C’est dans ce cadre qu’un programme de sensibilisation et d’information a été déroulé pour un bon taux de participation de l’Afrique, pour une contribution des pays membres de la sous-région à soumettre des projets labellisés et réplicables en direction de Forum mondial de l’eau et inciter les membres à participer massivement au Forum. 

Un site web de l’ AAE-Sénégal a été également mis en place pour mieux partager les informations relatives à la tenue du FME.

L’ONAS mettra toutes les ressources nécessaires à la disposition du Secrétariat Exécutif du FME pour contribuer à la réussite de l’évènement.

Quelles sont vos attentes en considérant la mission et les objectifs de l'ONAS ?

Nous espérons qu’après ce Forum, notre pays mobilisera des ressources financières supplémentaires pour mettre en œuvre d’autres projets dans le but de couvrir davantage les besoins des populations. 

Nous avions organisé le vingtième Sommet de l’Association Africaine de l’Eau (AAE)-AFWA 2020, à Kampala en Ouganda du 24 au 27 février 2020. Nous pensons que les questions soulevées lors de ce sommet peuvent être remises sur la table pour essayer de trouver des solutions d’une part et d’autre part voir comment les recommandations du Sommet de Kampala peuvent être partagées. D’autant plus que la réalisation des ODD est toujours d’actualité et que beaucoup de pays africains sont confrontés à des problèmes similaires.

Nous devons partager des expériences pour gagner du temps et faire des économies de coûts pour accélérer la marche vers l’atteinte des objectifs. 

En somme, le Forum de Dakar revêt plusieurs enjeux pour le Sénégal et pour l’ONAS et c’est une opportunité pour l’ONAS de consolider ses relations avec ses partenaires classiques, de nouer de nouveaux partenariats.

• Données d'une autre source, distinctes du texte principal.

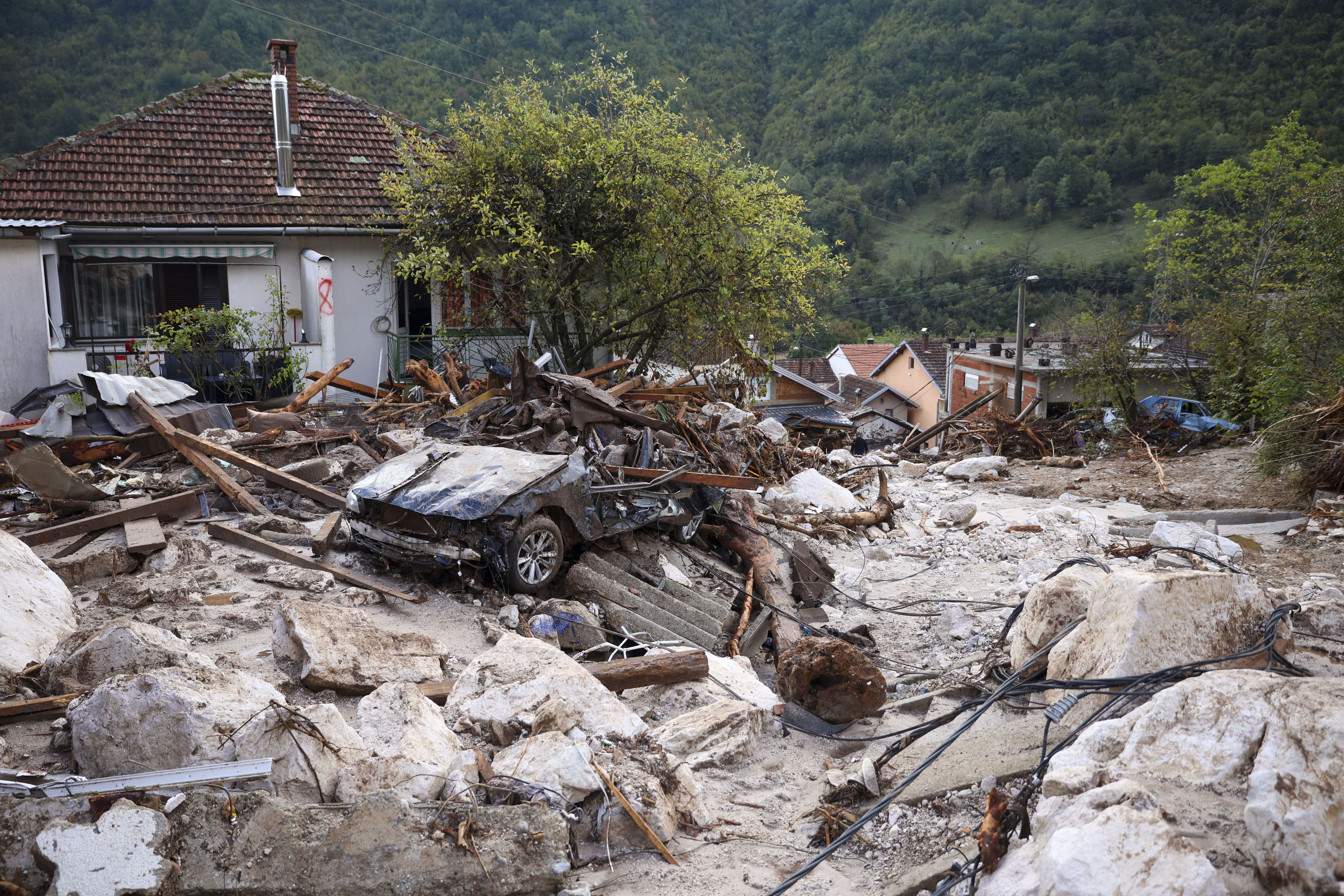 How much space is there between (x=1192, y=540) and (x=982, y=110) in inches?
2933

C’est aussi un moment pour nous de présenter nos projets emblématiques comme le Projet de Dépollution de la Baie de Hann, de montrer les bonnes pratiques en matière de valorisation des sous-produits d’assainissement. 

Nous avons commencé l’expérimentation de la délégation du service de la gestion des boues de vidange. Cette option a porté ses fruits. Nous dépensons moins pour l’entretien des stations. C’est un modèle que les autres pays peuvent capitaliser. Notre conviction est également que l’assainissement autonome est l’option qu’il faudra encourager. Nos Etats n’ont pas les moyens de raccorder tout le monde à l’égout. Si l’argent injecté dans l’assainissement collectif a été mis dans l’assainissement autonome, les pays africains auraient accompli des progrès significatifs.

Comment l'ONAS compte-t-il mobiliser ses partenaires pour qu'ils contribuent à la réussite du Forum ?

Je pense que certains de nos partenaires participent déjà au processus préparatoire. Il y a des partenaires qui ont beaucoup de choses à montrer, je pense notamment aux opérateurs privés dont certains gèrent les stations de boue de vidange. Il y a aussi d’autres organisations comme SpeakUpAfrica, Niel qui sont dans le plaidoyer qui prendront part activement au Forum. Donc, un travail de sensibilisation est déjà en cours. Je ne doute pas qu’à ce niveau, le pari de la mobilisation sera gagné. Dans ce secteur bien avant la pandémie, il y a eu beaucoup de rencontres, et des webinaires ont été tenus durant la pandémie.  Lors de ces rencontres, nous n’avons pas parlé spécifiquement du Forum Mondial, mais déjà, il y a une bonne dynamique qui fait espérer que nos partenaires joueront un rôle clé pour une organisation réussie de ce Forum. Le Sénégal occupe la Vice-présidence de l’Association Africaine de l’Eau, je crois que c’est un levier qui sera actionné pour mobiliser les compétences de l’AAE afin que ses experts participent au Forum. 

De plus, le Sénégal assure également la présidence de l'Association Panafricaine des Acteurs de l'Assainissement autonome (APAA) avec Monsieur Ibra Sow qui est également le président de l'Association des Acteurs de l'Assainissement du Sénégal (AAAS). L’APAA compte des membres dans 11 pays francophones et 07 pays anglophones.